Each entry is to be retyped exactly as it appears. Leave the images out.
::::::::::
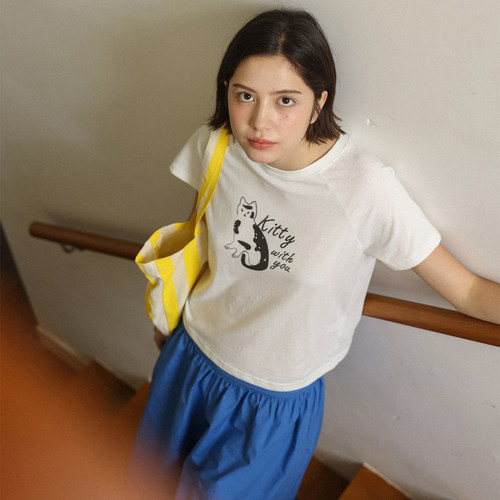 慵懒复古印花短袖T恤女夏季薄款
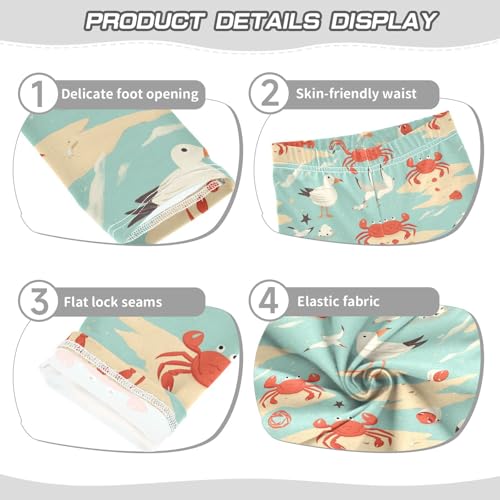 Wusikd Crabs Seagulls Girls' Leggings Toddler Doodles Beach Kids Yoga Pants Dance Active Tights 4T3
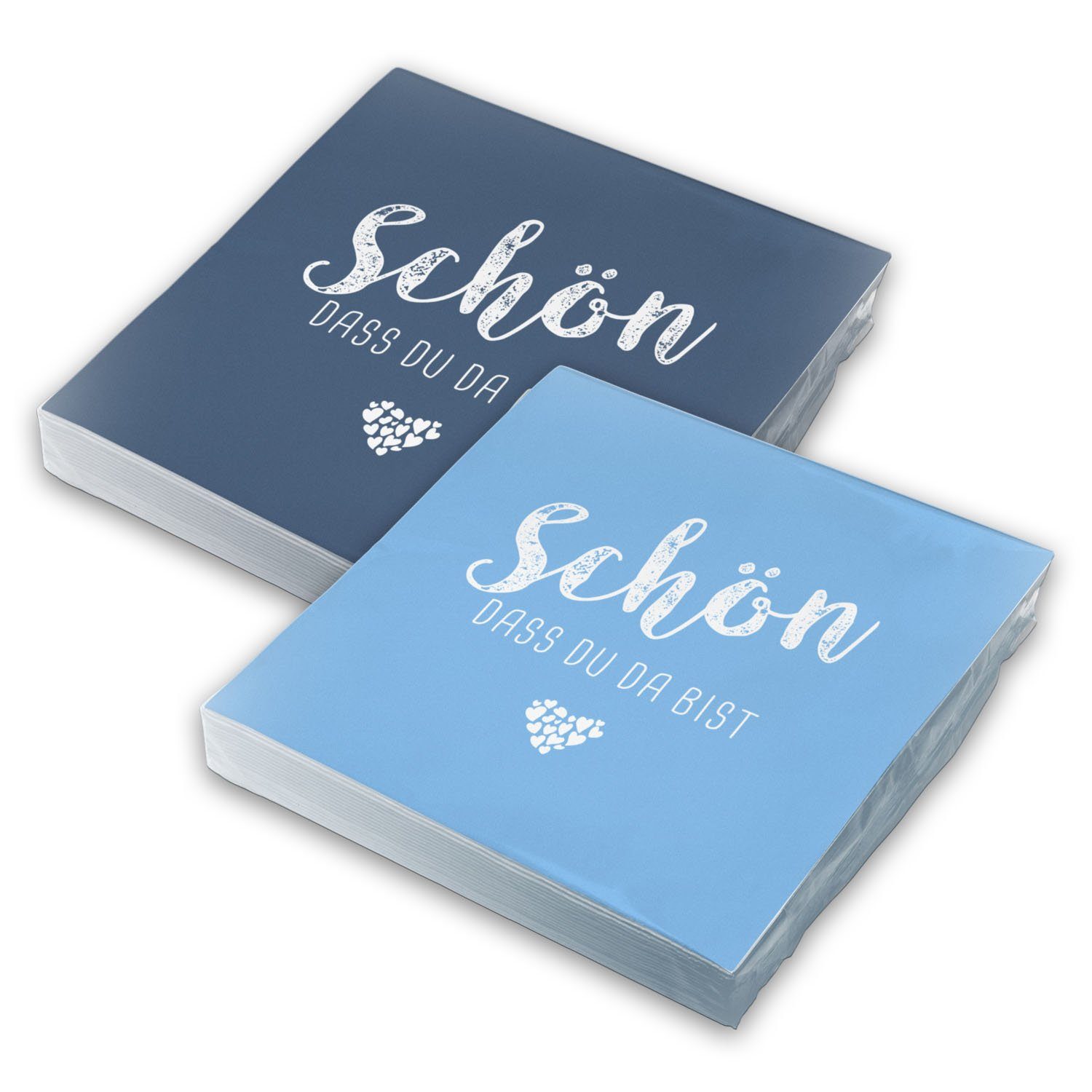itenga Papierserviette itenga 40x Serviette Schön dass du da bist (20x hellblau - 20x dunkelb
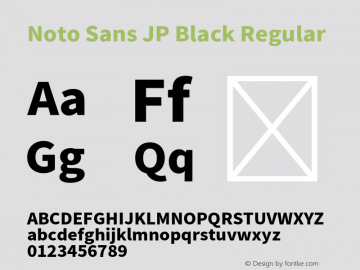 Noto Sans JP Black Regular Unknown Font Sample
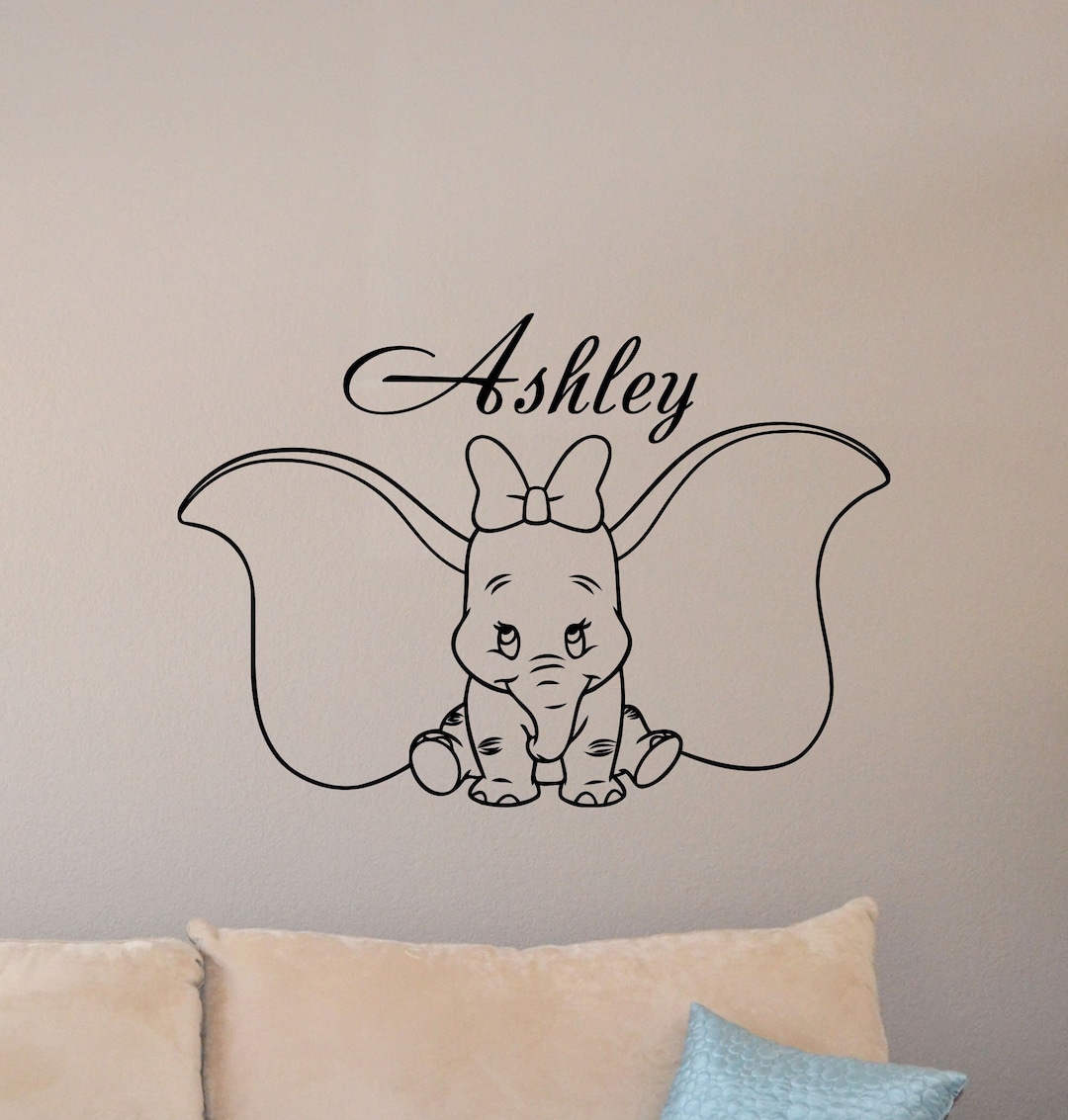 Personalized Dumbo Wall Decal Vinyl Sticker Poster Custom Name Sign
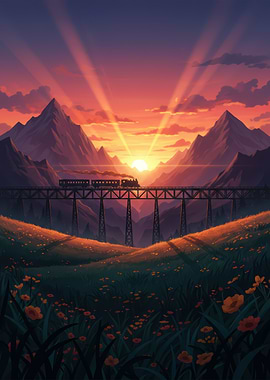 Train on a bridge at sunset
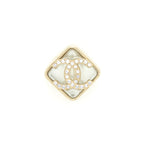 Chanel 22S Quilted CC Logo Earring Light Gold Tone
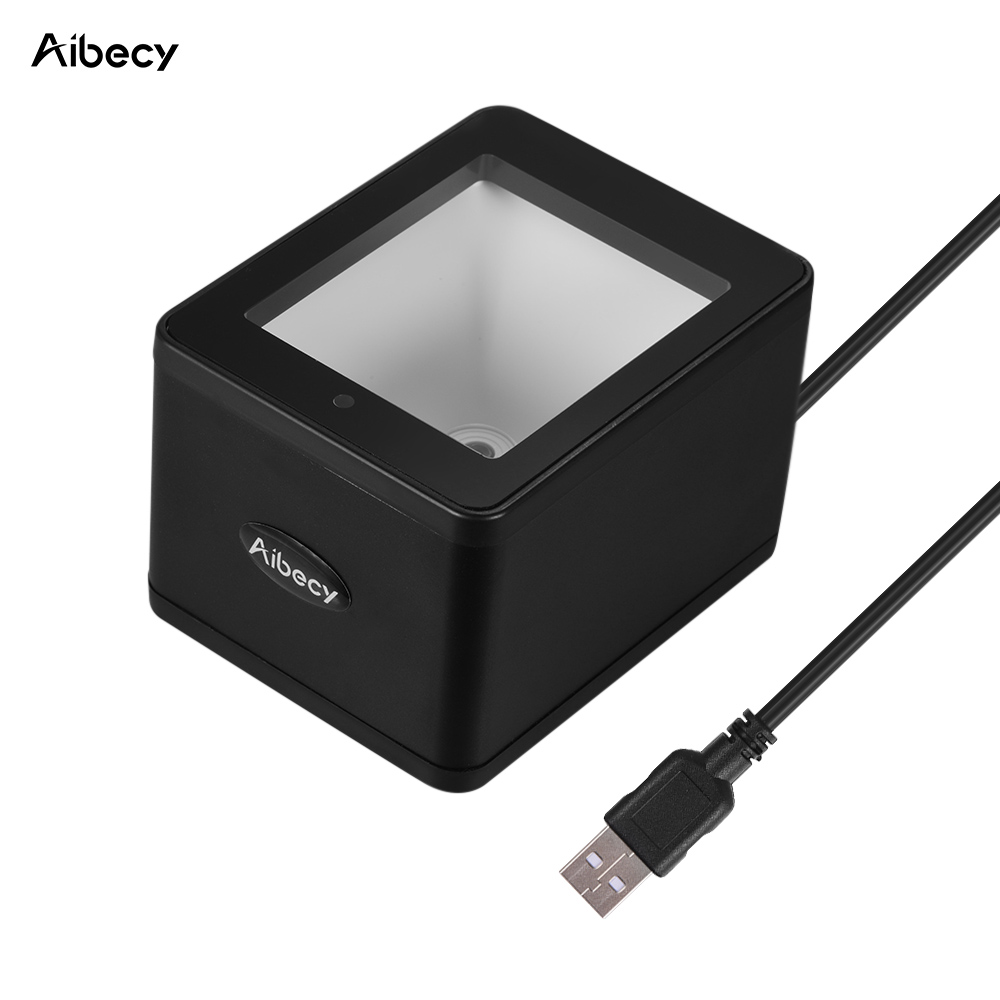 Aibecy YHD-9800 Desktop 1D/2D/QR Barcode Scanner USB Wired Bar Code Reader CMOS Image Hand-Free for Mobile Payment for POS shop
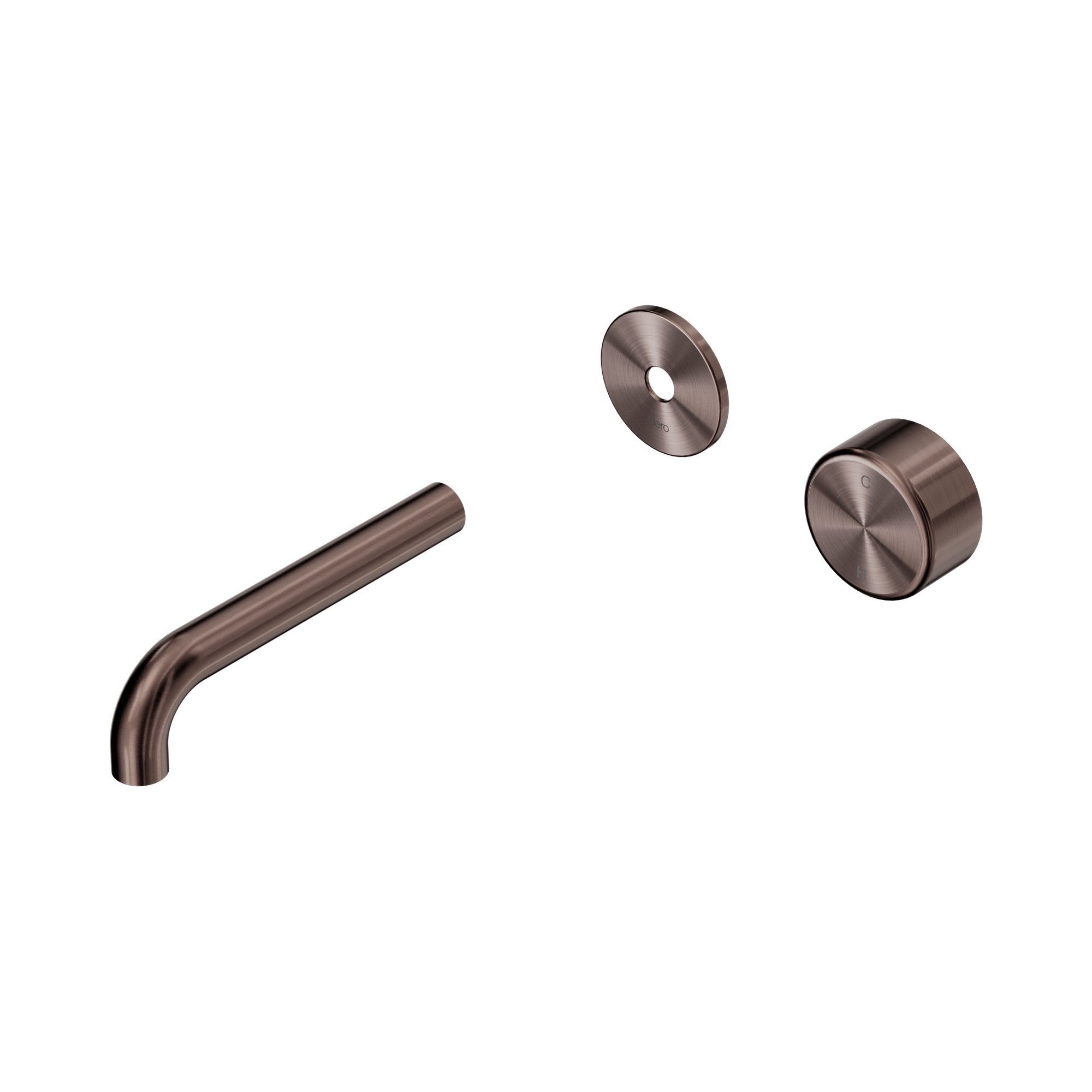 24 E108 BZ Serenity Progressive Wall Basin Mixer 160mm Spout With Metal Handle Trim Kit Only Brushed Bronze image 1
::::::::::
### Exercise solution
 慵懒复古印花短袖T恤女夏季薄款
 Wusikd Crabs Seagulls Girls' Leggings Toddler Doodles Beach Kids Yoga Pants Dance Active Tights 4T3
itenga Papierserviette itenga 40x Serviette Schön dass du da bist (20x hellblau - 20x dunkelb
 Noto Sans JP Black Regular Unknown Font Sample
 Personalized Dumbo Wall Decal Vinyl Sticker Poster Custom Name Sign
 Train on a bridge at sunset
 Chanel 22S Quilted CC Logo Earring Light Gold Tone
 Aibecy YHD-9800 Desktop 1D/2D/QR Barcode Scanner USB Wired Bar Code Reader CMOS Image Hand-Free for Mobile Payment for POS shop
 24 E108 BZ Serenity Progressive Wall Basin Mixer 160mm Spout With Metal Handle Trim Kit Only Brushed Bronze image 1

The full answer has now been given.